The euro, which had ventured as high as 1.1214 (an all-time high), ended the day down -0.5% at 1.1125.
The yen fell back -1.15% to 144.85, the pound -0.7% to 1.3317 and the Swiss franc -0.9% to 0.8508.
The Yen and Swiss Franc were the weakest currencies, with the Euro recovering 0.4% against the Swiss currency.

Why is the Dollar recovering like this?

The answer is not to be found in the 'figures of the day': sales of new homes in the USA contracted by 4.7% in August, according to the Commerce Department (after a somewhat 'bizarre' jump of +10.4% in July), to 716,000 annualized and seasonally adjusted.
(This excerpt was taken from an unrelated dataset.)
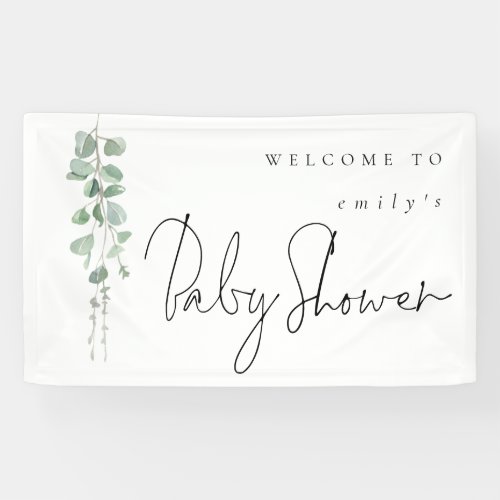 Eucalyptus Name Welcome to Baby Shower Banner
The median price of new homes sold was $420,600, and their average price was $492.700: these are new absolute records linked to the shortage of homes for sale (nobody would trade a loan at 4% for a new loan at 6.20%, national average as at 24/09/2024).
At 467,000, the stock of new homes ready for sale represents a 7.8-month supply at the current rate of flow.

Nor is it clear that it has benefited from the OECD's revised forecasts for 2024 and 2025: growth in Europe is expected to be 0.7% in 2024, but will recover by only 1.3% in 2025, compared with +1.5% previously.
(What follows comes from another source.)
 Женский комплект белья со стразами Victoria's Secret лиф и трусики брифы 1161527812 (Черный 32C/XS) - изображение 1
In the United States, GDP growth is set to slow, but to benefit from the easing of monetary policy now underway, with growth expected to reach 2.6% in 2024, then 1.6% in 2025 (instead of +1.8%).

In China, growth is set to dip to 4.9% this year, then plateau at 4.5% in 2025, as stimulus measures fail to offset sluggish consumer demand and the massive correction in the property market.
The Yuan, which had not reacted spectacularly to the PBOC's stimulus plan (+0.3% to 7.0300/$), stabilized at around 7.0300 (or 0.1420).
This stability contrasts with the boom in Chinese stock market indices.

On Friday, Forex traders will be keeping a close eye on the publication of the US Consumer Price Index (CPI), the Fed's preferred gauge of inflation.